Venedig für Kenner – Im Herbst und Winter blüht die Lagunenstadt auf
Lust auf Winterblues, der melancholisch und zugleich glücklich macht? Dann fahren Sie nach Venedig. Diese Stadt hat ein hohes Suchtpotenzial – und die wahren Junkies kommen im Spätherbst und im Winter.
Beginnen wir mit dem größten Kompliment, dass man einer Grand Dame wie der Serenissima machen kann: dass man sie als liebevoller Betrachter selbst bei schlechtestem Wetter wunderschön findet. Eiskalt kann es in Venedig im Winter sein, regnerisch und nebelig. Dafür ist das Licht so weich wie Samt. Schon wenige Sonnenstrahlen verwandeln selbst die schäbigsten Paläste in pastellfarbene Prachtbauten, kleine Brücken und enge Gassen, vor der Corona-Krise von Touristen übervölkert, sind jetzt fast menschenleer und offenbaren den Zauber versteckter Ecken. Natürlich sind der Lockdown und dessen Folgen an Venedig nicht spurlos vorübergegangen. Doch langsam kehrt wieder Leben ein in die Stadt.
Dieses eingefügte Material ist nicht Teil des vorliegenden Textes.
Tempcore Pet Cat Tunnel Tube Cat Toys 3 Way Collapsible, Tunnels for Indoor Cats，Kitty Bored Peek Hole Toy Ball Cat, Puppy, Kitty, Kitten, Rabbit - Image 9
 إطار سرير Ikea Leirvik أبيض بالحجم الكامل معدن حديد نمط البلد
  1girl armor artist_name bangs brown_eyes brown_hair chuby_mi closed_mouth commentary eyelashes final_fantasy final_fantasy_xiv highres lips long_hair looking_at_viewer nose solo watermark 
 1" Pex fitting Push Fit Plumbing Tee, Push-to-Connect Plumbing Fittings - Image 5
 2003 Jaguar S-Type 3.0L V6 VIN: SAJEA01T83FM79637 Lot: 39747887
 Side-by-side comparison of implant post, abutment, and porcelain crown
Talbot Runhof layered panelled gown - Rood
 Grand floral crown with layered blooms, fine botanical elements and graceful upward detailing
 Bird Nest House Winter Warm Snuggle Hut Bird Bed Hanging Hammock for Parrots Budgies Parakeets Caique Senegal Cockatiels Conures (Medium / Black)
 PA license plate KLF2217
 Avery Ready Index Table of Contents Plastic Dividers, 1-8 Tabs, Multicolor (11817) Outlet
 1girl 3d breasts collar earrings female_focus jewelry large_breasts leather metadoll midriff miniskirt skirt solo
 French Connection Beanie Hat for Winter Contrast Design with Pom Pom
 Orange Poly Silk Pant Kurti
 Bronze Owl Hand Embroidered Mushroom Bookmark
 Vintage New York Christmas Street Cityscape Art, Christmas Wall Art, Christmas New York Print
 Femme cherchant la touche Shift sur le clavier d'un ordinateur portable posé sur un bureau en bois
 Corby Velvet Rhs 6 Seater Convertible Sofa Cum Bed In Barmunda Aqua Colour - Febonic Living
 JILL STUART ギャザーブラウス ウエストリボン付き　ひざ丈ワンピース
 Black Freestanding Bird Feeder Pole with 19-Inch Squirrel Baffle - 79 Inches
Aber gerade jetzt im Herbst und Winter liegt dennoch leise Melancholie über den Kanälen und nur noch wenige Gondeln ziehen fast lautlos durch die Wasserstraßen.
Die Piazza San Marco wird wieder zu dem, was sie einmal war: eine grandiose Kulisse für das städtische Leben, wo der Tag mit der Morgenlektüre und einem Espresso beginnt und spätnachts bei einem Glas Wein und bei viel chiacchierare, dem gemütlichen Plausch, beendet wird. Am besten lässt man sich von hier aus einfach treiben: Über kleine und große Brücken, durch unzählige, verwinkelte Gassen, vorbei an noblen Boutiquen und originellen Papierwaren- und Maskengeschäften, über romantische Plätze und hinein in winzige Trattorien und Cafe-Bars, wo sich jetzt die Einheimischen treffen, die in turbulenten Tourismuszeiten vor amerikanisch-russisch-asiatischem Sprachgewirr geflohen sind.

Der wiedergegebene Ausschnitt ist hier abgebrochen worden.